| Activity |
The answer must consist solely of the lines from the opening line of the entries through the line with "Moose Carb Repair", transcribed exactly and without any pictures.

=== Exercise materials ===

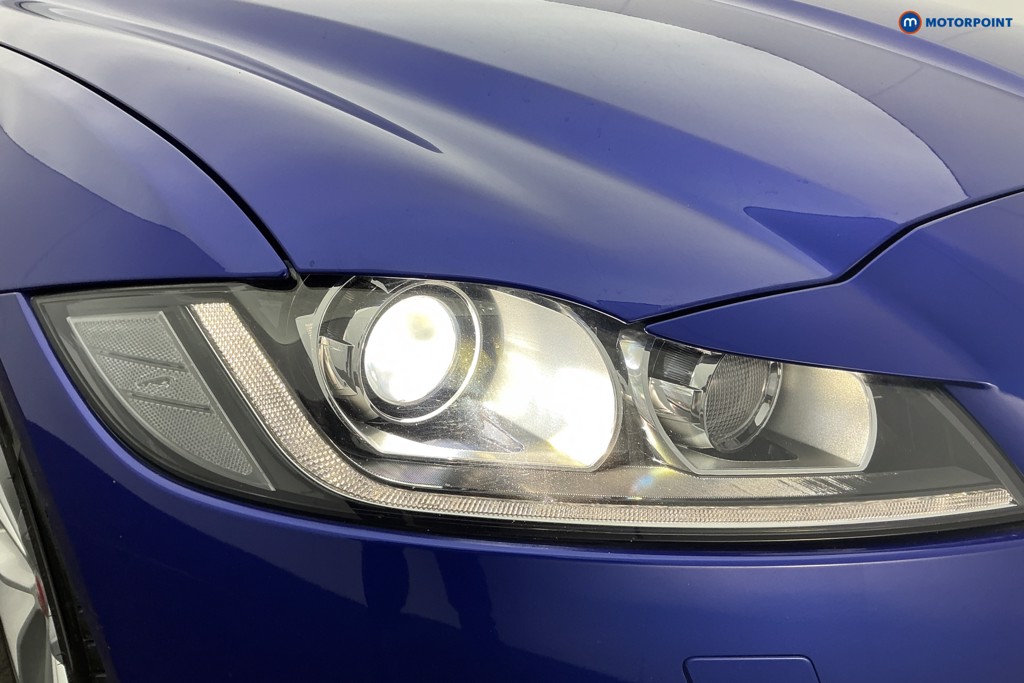 Used Jaguar XF 2018 for sale - 78199580: Photo 35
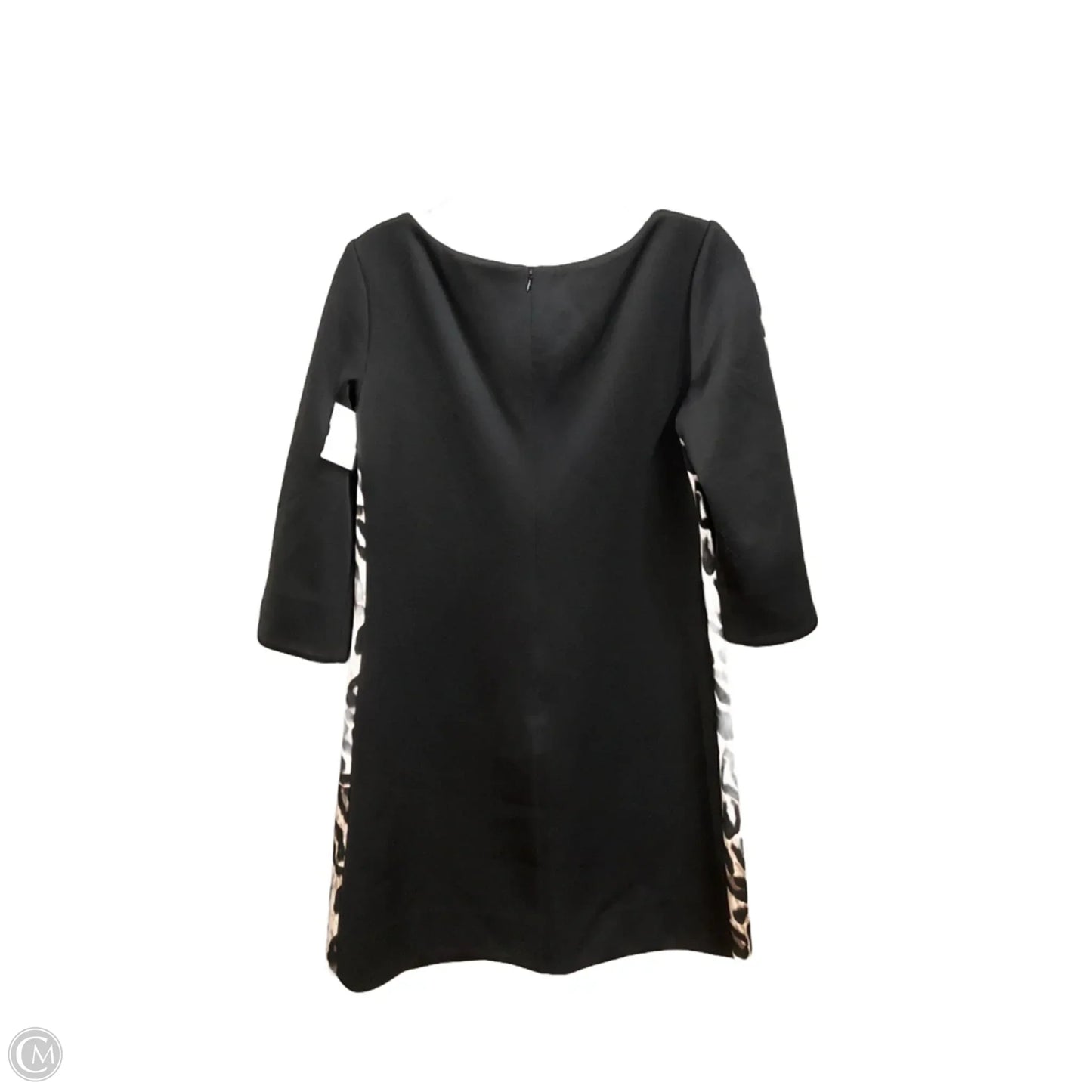 Dress Casual Short By Vince Camuto In Black, Size: 8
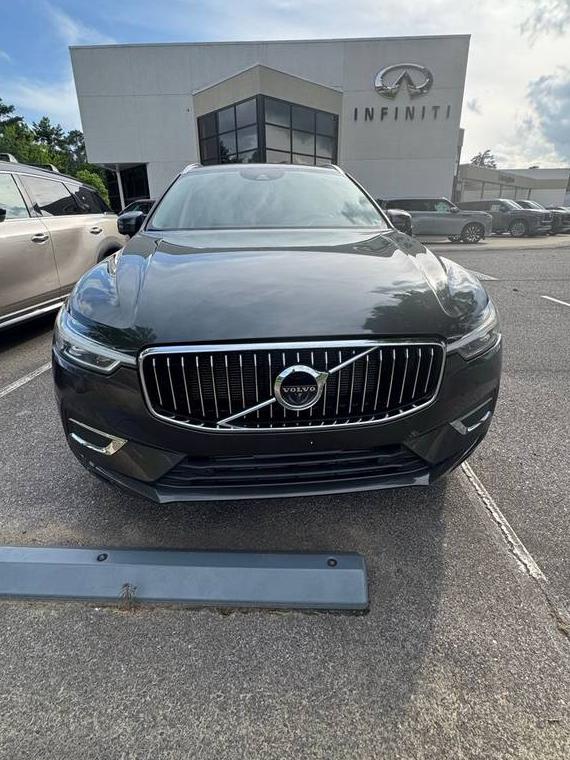 VOLVO XC60 2020 YV4102RL0L1487872 image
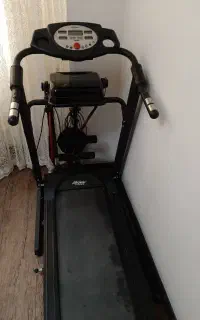 تردمیل ۴کاره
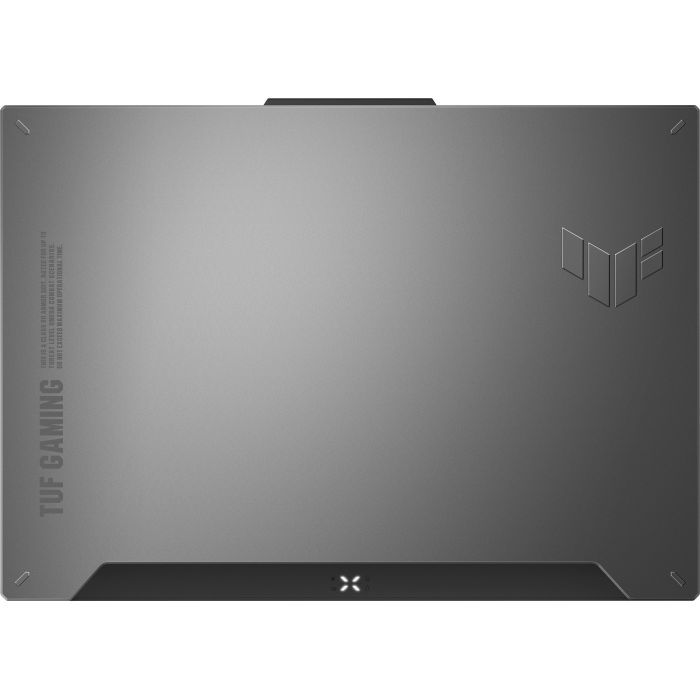 Ноутбук ASUS TUF Gaming A15 FA507NUR-LP140 (90NR0JP8-M008N0) изображение 8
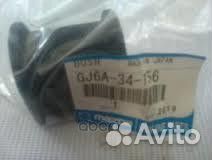 Втулка стабилизатора перед GJ6A34156 mazda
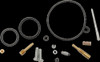 Moose Carb Repair Kit 1003-0853 for 2002-2005 FOR KAWASAKI KLX 110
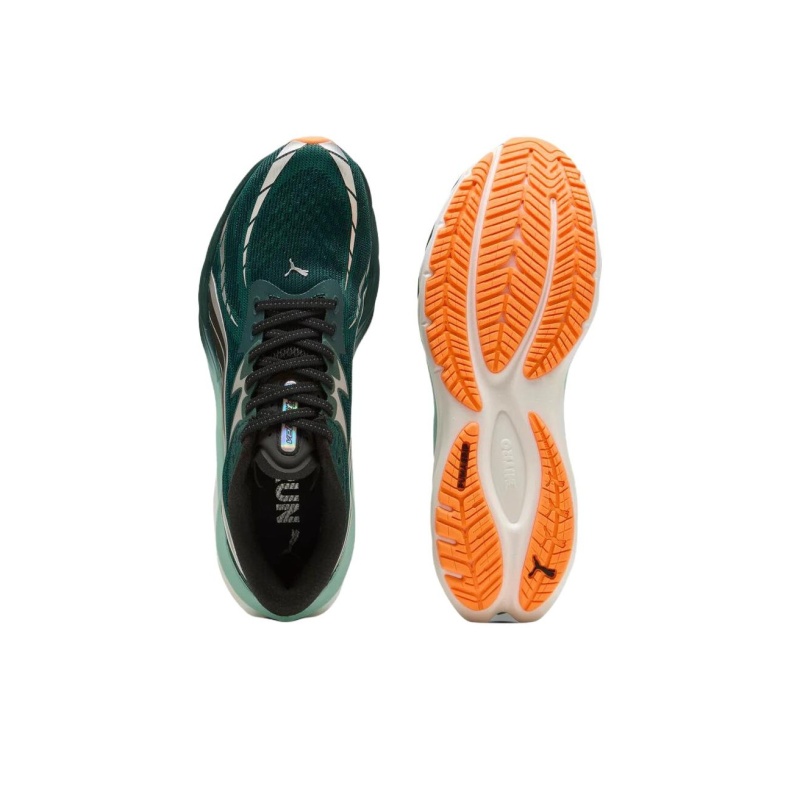 Puma Velocity Nitro 4 'Green' Мужские
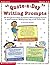 "Quote-a-Day" Writing Prompts by Jacqueline Sweeney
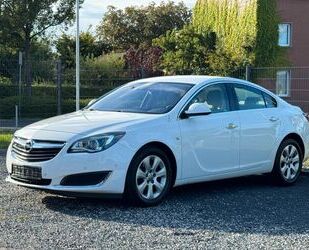 Opel Insignia Gebrauchtwagen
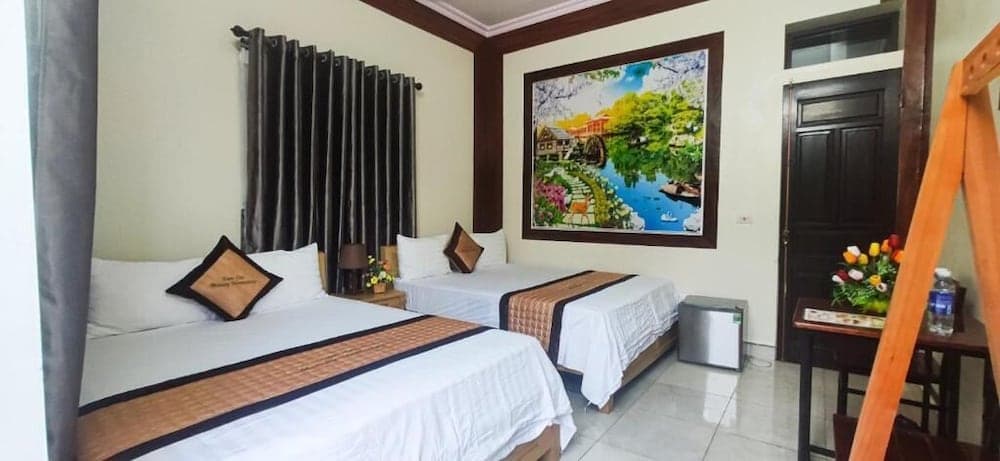 Tam Coc Melody Homestay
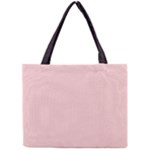 3 Farben Mini Tote Bag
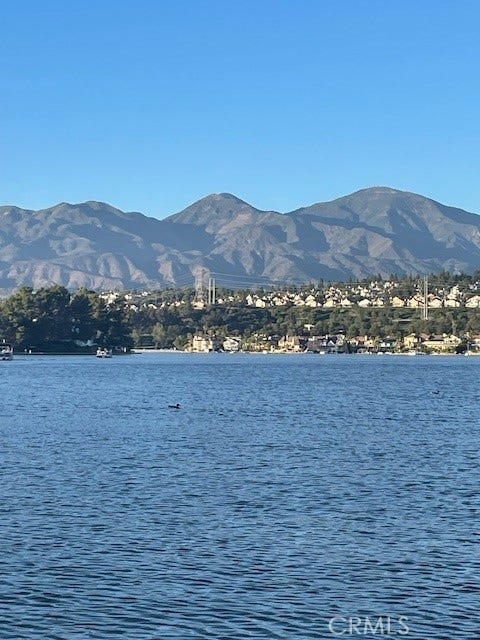 27793 Rota, #14, Mission Viejo, CA 92692 View of Saddleback Mountains
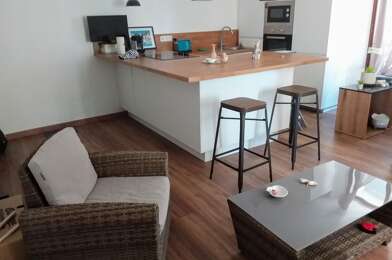Appartement 3 pièces 730 €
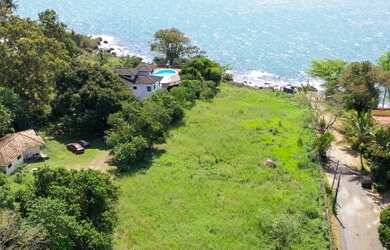 Imagem 8: Terreno à venda com vista para o mar 600 m² por R$ 800.000 - Ilhabela/SP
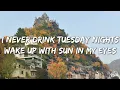 Dimension, Karen Harding - Guardian Angel (Text/Lyrics)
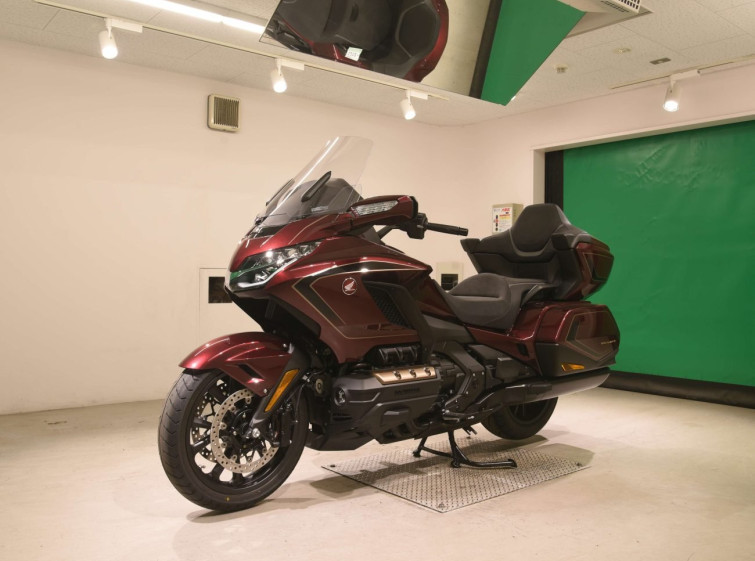 Мотоцикл Honda GL1800 TOUR D з пробігом 30 km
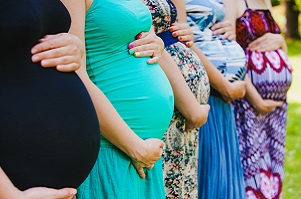 STIs & Pregnancy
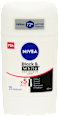 Deodorant stick B&W Invisible Clear NIVEA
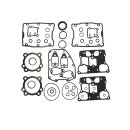 Athena, motor gasket kit (excl. oil seals). 99-04 Twin Cam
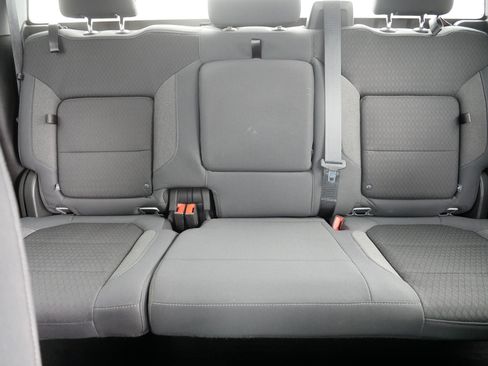 Used 2019 Chevrolet Silverado 1500 LT Trail Boss w/ Convenience Package image 13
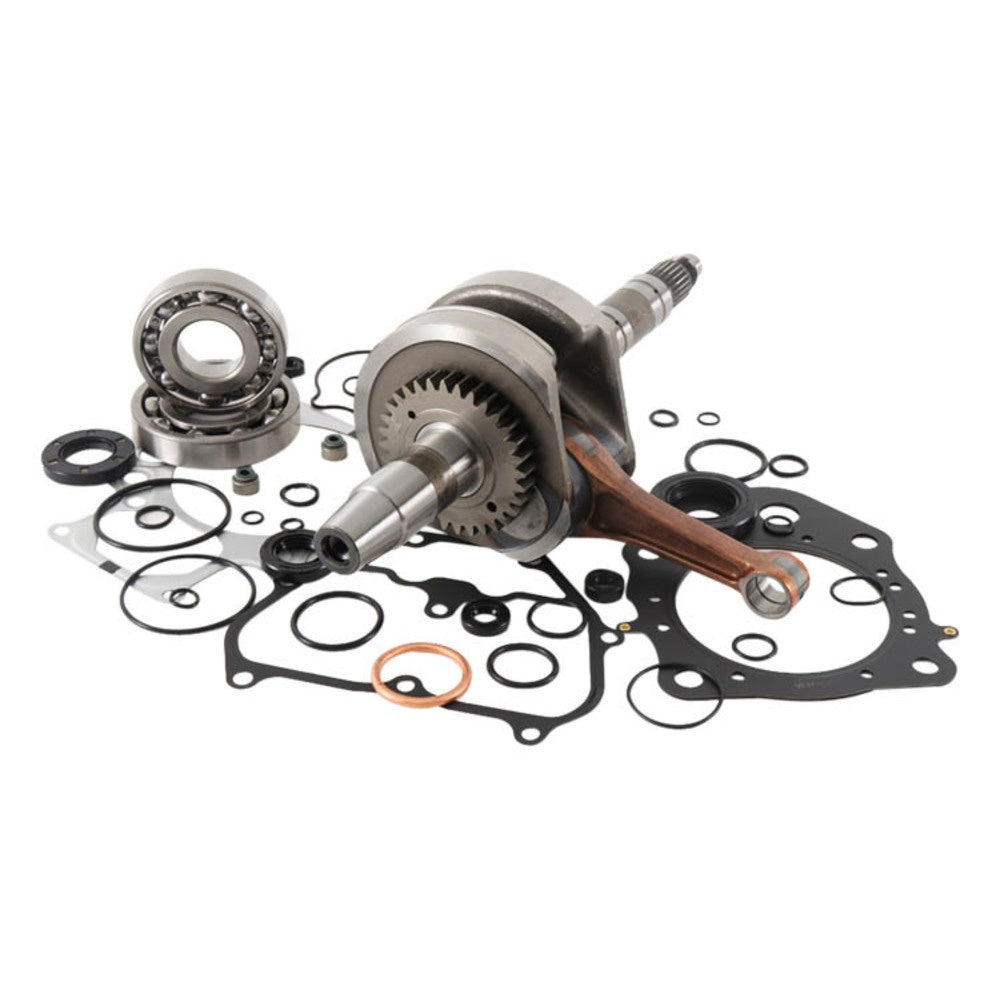 Hot Rod Bottom End Kit - Honda TRX500FE 12-13 / TRX500FPE 11-12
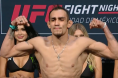 Tony Ferguson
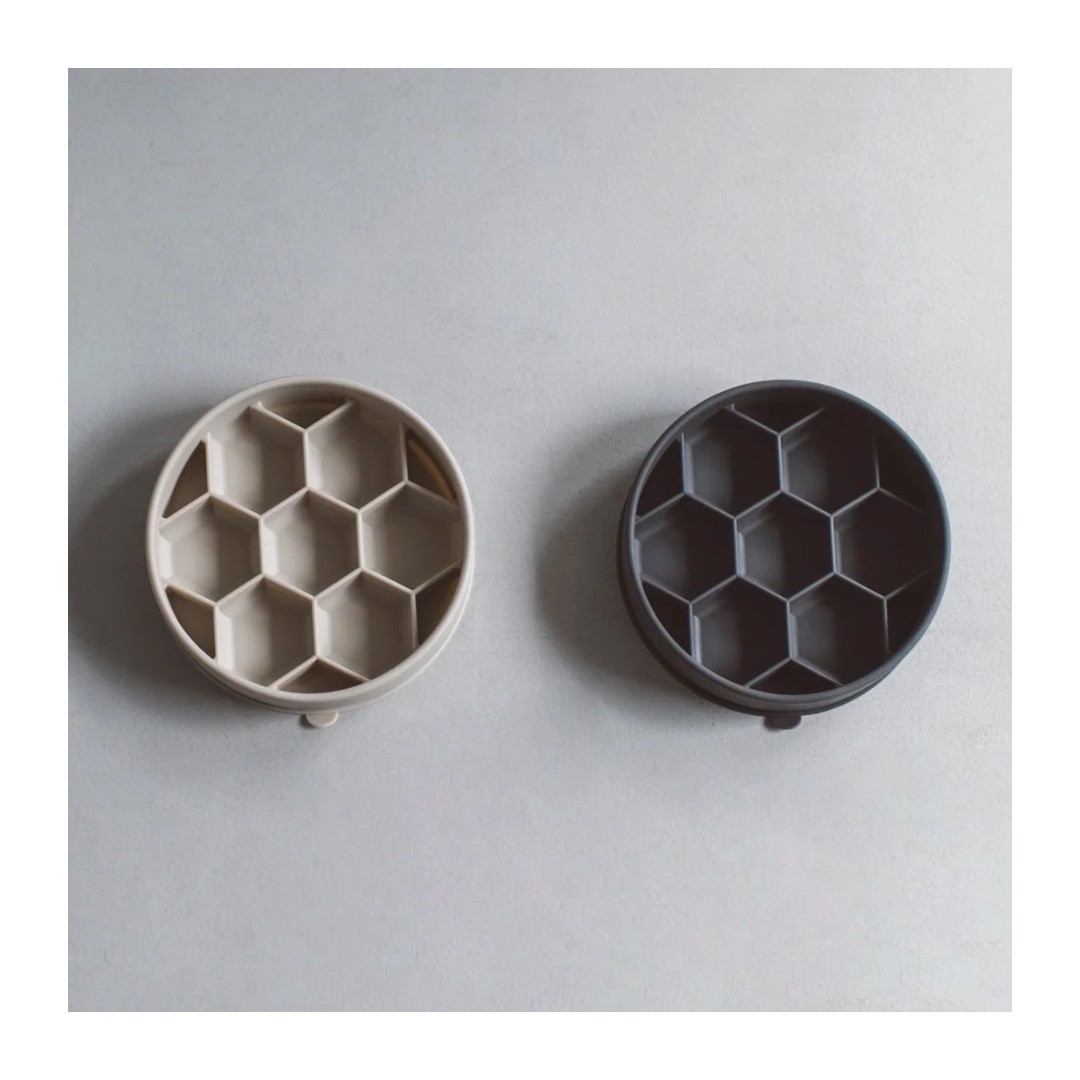 SILICONE SLOW FEEDERE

===

| Solved exercise |
 Used Jaguar XF 2018 for sale - 78199580: Photo 35
 Dress Casual Short By Vince Camuto In Black, Size: 8
 VOLVO XC60 2020 YV4102RL0L1487872 image
 تردمیل ۴کاره
 Ноутбук ASUS TUF Gaming A15 FA507NUR-LP140 (90NR0JP8-M008N0) изображение 8
 Втулка стабилизатора перед GJ6A34156 mazda
 Moose Carb Repair Kit 1003-0853 for 2002-2005 FOR KAWASAKI KLX 110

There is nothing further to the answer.